Everyone seems sure that the Supreme Court is going to destroy the Gramm-Rudman-Hollings budget-balancing law. The Reagan administration has been urging the judiciary to rule the law unconstitutional ever since the president signed it in a flurry of self-congratulation in December. Everyone may be right, but no one should ignore what a dramatic exercise in judicial activism the Reaganites are urging on the court.

Gramm-Rudman puts the government on a five-year deficit-reduction diet. The Office of Management and Budget makes a budget projection; the Congressional Budget Office makes another; the comptroller general settles any differences and applies a budget-cutting formula if annual targets aren't met. Twelve U.S. representatives led by Mike Synar of Oklahoma argue that this arrangement is an unconstitutional delegation of democratic authority by Congress. The Justice Department makes the seemingly opposite argument that Gramm-Rudman is an unconstitutional usurpation of presidential power.

To buy the administration argument, you need to believe that Gramm-Rudman involves the exercise of "executive power." The whole point, though, is to put the government on automatic pilot and deny discretionary power to everyone. In oral argument, Solicitor General Charles Fried declared fancifully that the law gives the comptroller general powers "so sweeping" that they "affect every nook and cranny of government." In fact, this gentleman does little more than to whip out his pocket calculator.

The Reagan Justice Department takes the astonishing position that such "power" can be exercised only by someone who serves "at the pleasure of the president." The comptroller general is appointed for a 15-year term, and the president cannot fire him. This claim of presidential authority is breathtaking. It would delegitimize every independent agency of the government, from the Securities and Exchange Commission to the Federal Reserve Board.

Solicitor General Fried denies this. He told the court that Reagan's position in this case "does not in any way cast any doubt on the independent agencies." It's hard to see why not. The Fed, for example, controls the nation's money supply. How can anyone seriously say this is a smaller "power" than the comptroller general's technical role under Gramm-Rudman? In fact, the administration's position on Gramm-Rudman is part of an organized right-wing litigation strategy to close down the independent agencies. A former Reagan assistant attorney general is currently suing to have the Federal Trade Commission ruled unconstitutional on very similar logic.

Because the implications of the administration argument are so wild, many people expect that the court will overturn Gramm-Rudman on the ground that the comptroller general is not merely independent of the president but actually an agent of Congress. This would save the Fed. But it's a hard case to make. It's not true, as newspapers keep reporting, that the comptroller general "can be fired by Congress." Firing the comptroller general requires a joint resolution passed by both houses and signed by the president. True, a presidential veto can be overriden by a two-thirds vote of both houses. But that is more than you need to impeach the president himself.

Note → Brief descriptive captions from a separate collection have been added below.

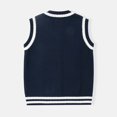 thumbnail image 5 of Womens Sleeveless Sweater Vest Men's And Women's Matching Knitted Sweater Blouses Knitted Yarn Cardigans College Style School Blouses, 5 of 9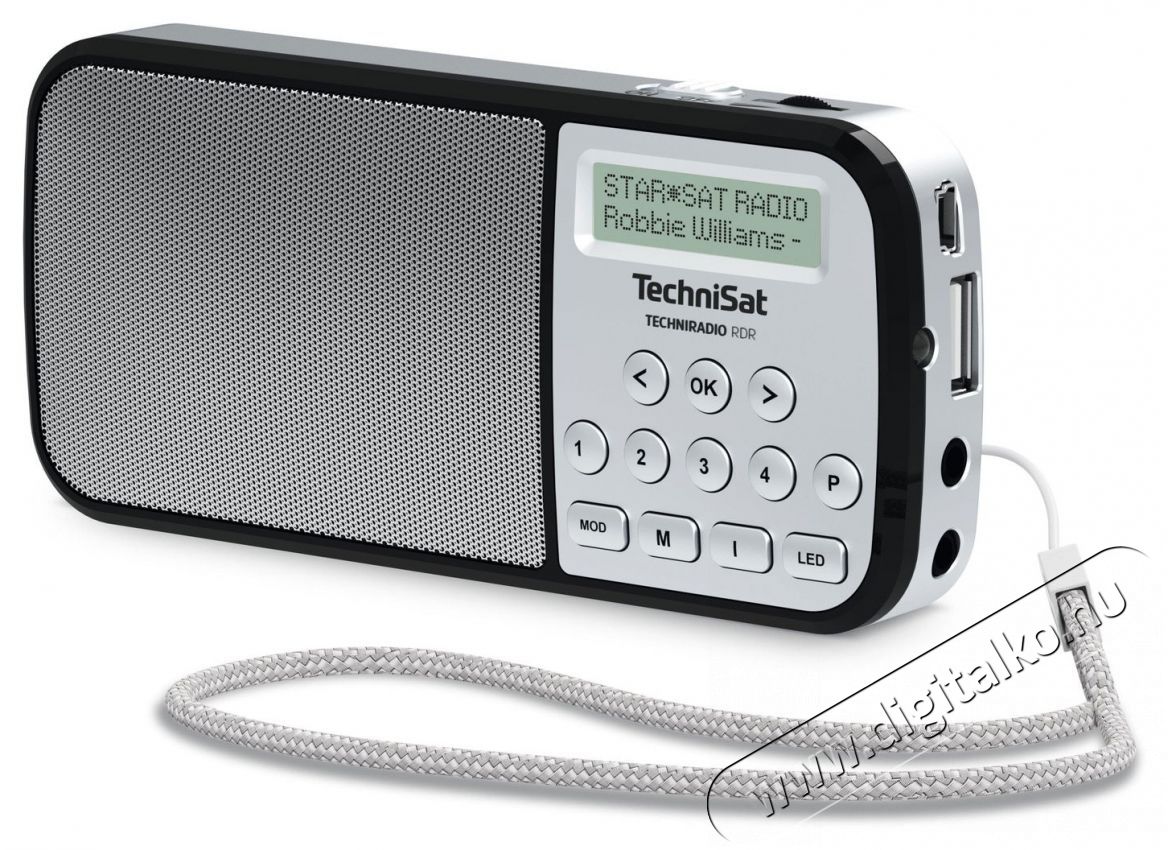 TechniSat TECHNIRADIO RDR ez&uuml;st Audio-Video / Hifi / Multim&eacute;dia - R&aacute;di&oacute; / &oacute;r&aacute;s r&aacute;di&oacute; - Hordozhat&oacute;, zseb-, t&aacute;ska r&aacute;di&oacute; - 526310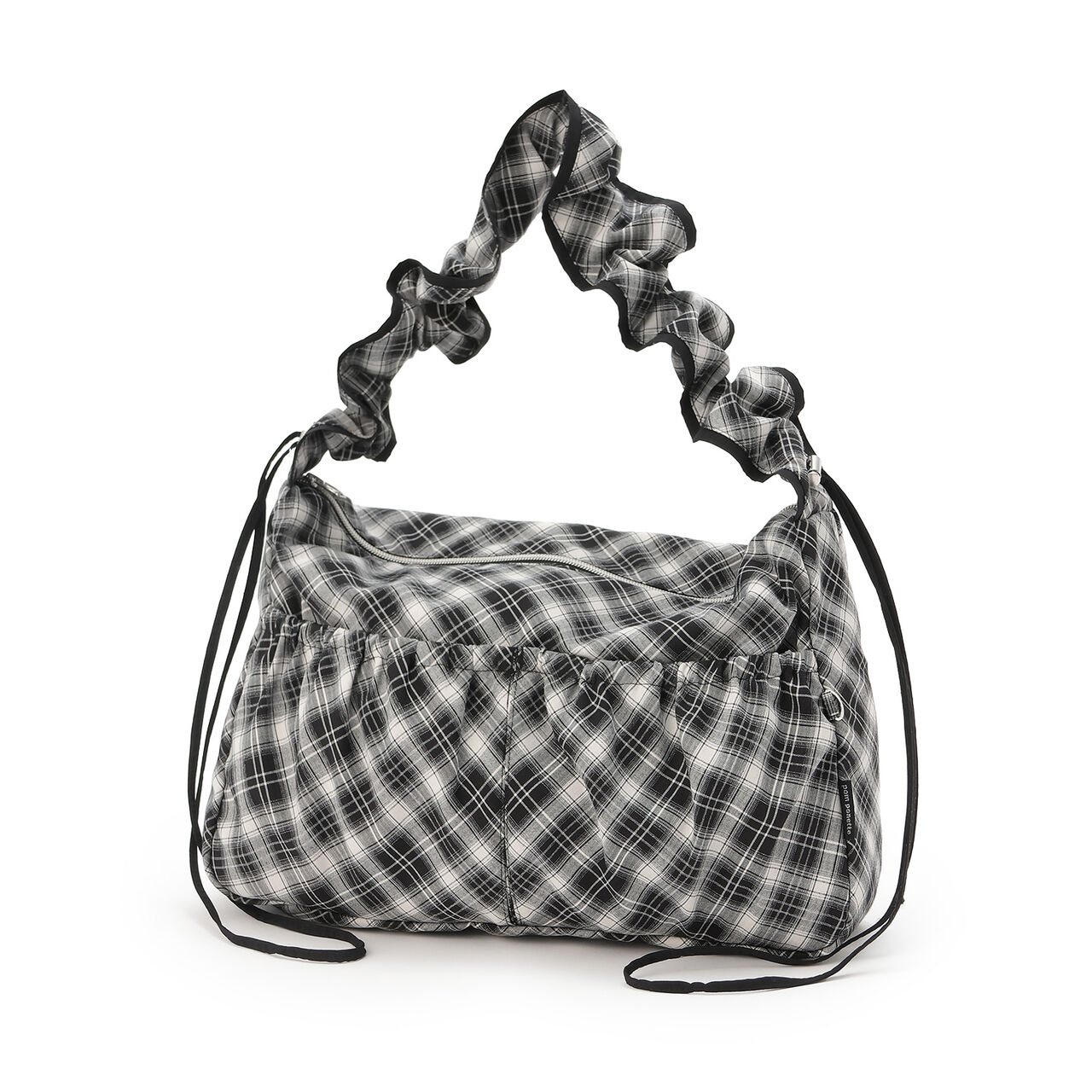 Gathered Shoulder,Black, large image number 10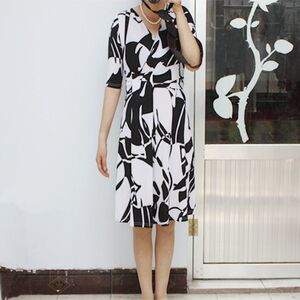 外贸原单夏季新款女装正品女士韩版时尚修身显瘦v领冰丝连衣裙女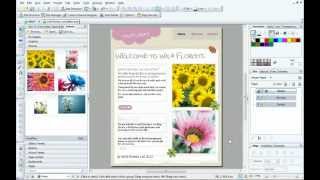 Serif WebPlus X6 Tutorial  Creating a Site From Scratch [upl. by Ellis]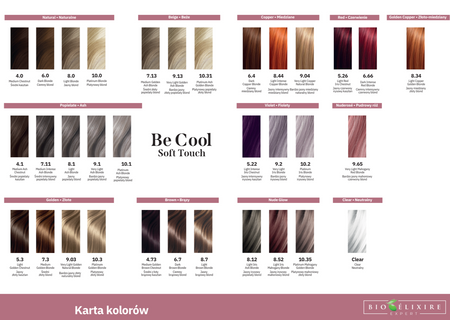 BIOELIXIRE Kwasowa farba do włosów Be Cool SOFT TOUCH - 8.0 Jasny blond / Light Blonde - 60ml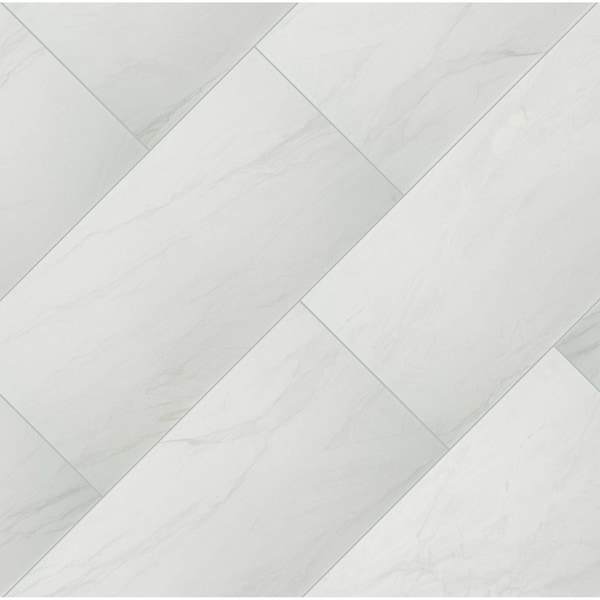 Msi Durban White 12 In. X 24 In.Matte Porcelain Floor And Wall Tile, 8PK - ZOR-PT-0293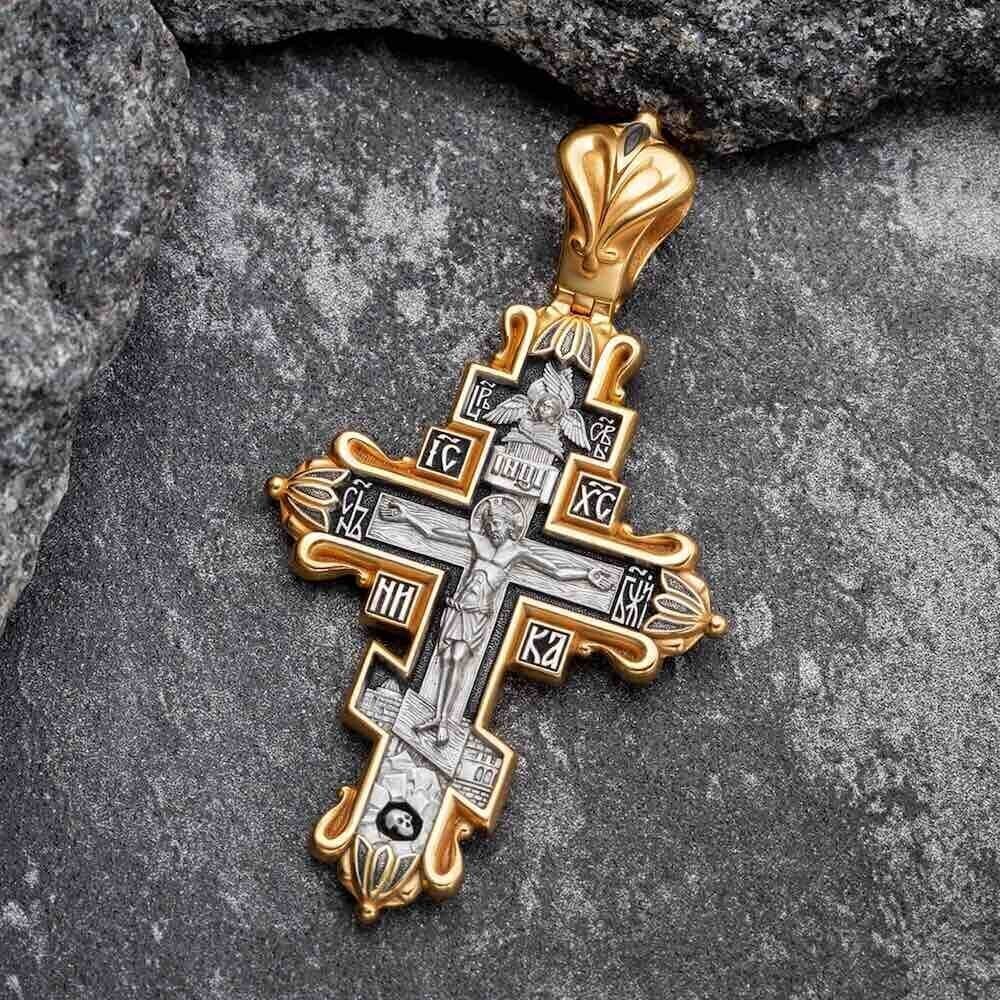 Купить Крест из серебра "Распятие Христа" (42894)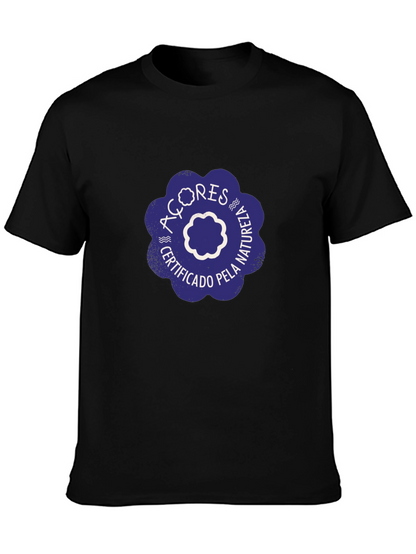 Camiseta Negra Azores Certificado Pela Natureza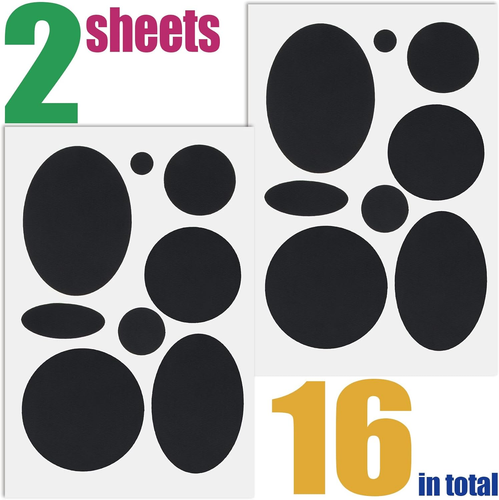 16Pcs Puffer down Jacket Repair Patch Kit, Black Nylon Fabric Repair Patch Self - Picture 3 of 12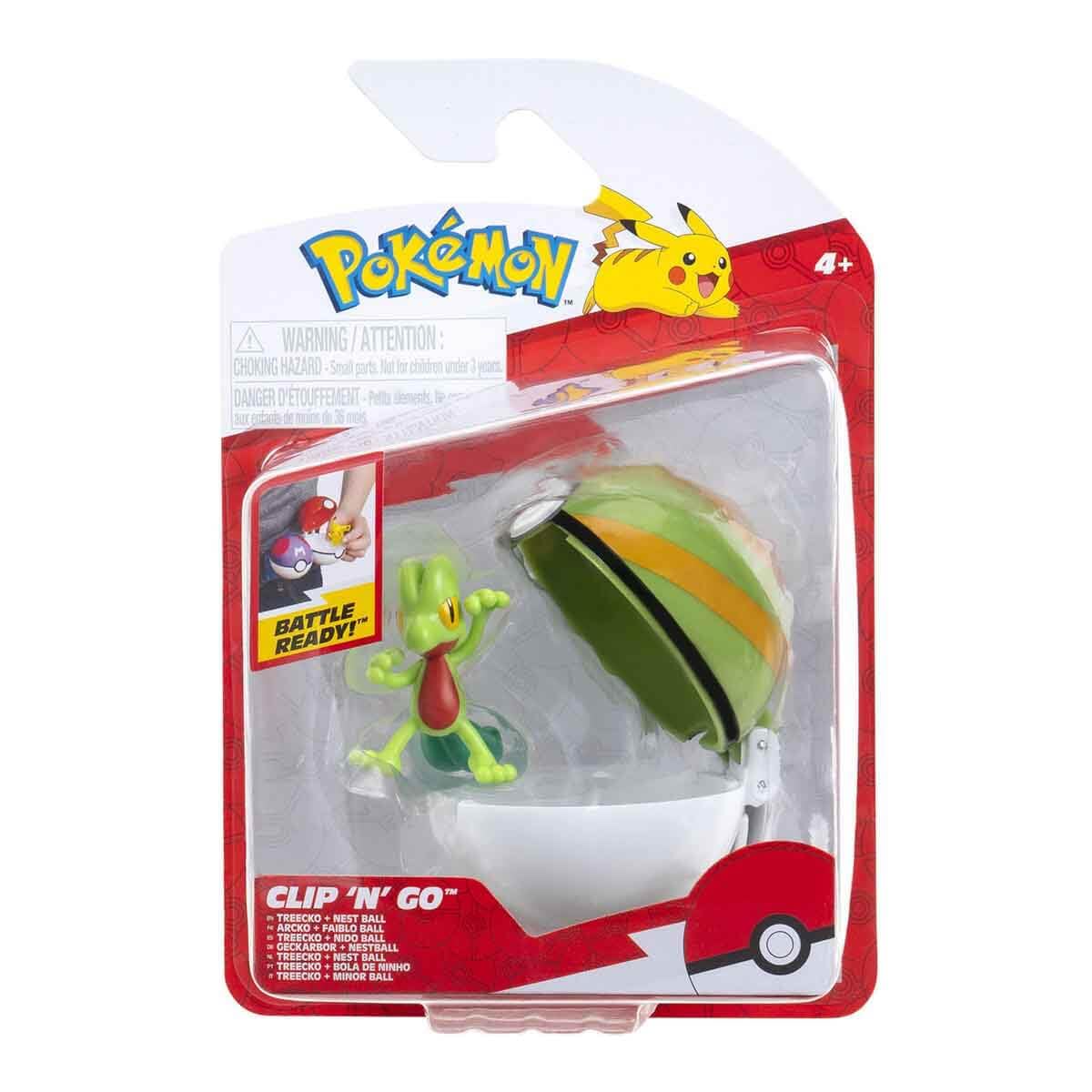 Pokémon PKW3639 - Clip'n'Go Poké Ball - Geckarbor & Nest Ball, Official Pokéball with 5 cm Figure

Talk about a technicality! One reason the whole controversy is so unreal is that Congress could order the exact same budget cuts by passing a law -- even over presidential objection, with the same two-thirds vote needed to fire the comptroller general. That's why the really interesting question raised by Gramm-Rudman isn't the alleged encroachment on executive power but the abandonment of legislative responsibility.

In practical terms, though, these amount to much the same question. If Congress is told that it must either decide everything for itself or give total decision-making power to the president -- no "independent" middle ground -- it will be far more reluctant to delegate its power. And in any event, the lines of responsibility for government policy will be far clearer than they are now. The growing legal debate about the "separation of powers" is actually about democratic accountability.

This explains the odd political battle array in the Gramm-Rudman case, with ADA liberals and right-wing Reaganites opposed to the law and the Washington establishment (led by superlawyer Lloyd Cutler) in support of it. What the opponents share is a populist vision that important political decisions should be made by officials who are directly accountable to the people.

The populist vision is tempting. Why should matters such as interest rates -- let alone the shape of the government budget -- be decided outside the democratic process? On the other hand, confidence in the democratic process is not enhanced by the collapse of efforts by Congress and the White House to meet the Gramm- Rudman targets ever since it began to appear that the law might be ruled unconstitutional. If the Supreme Court is about to plunge us into a radical experiment in true democracy, we're in for an exciting time.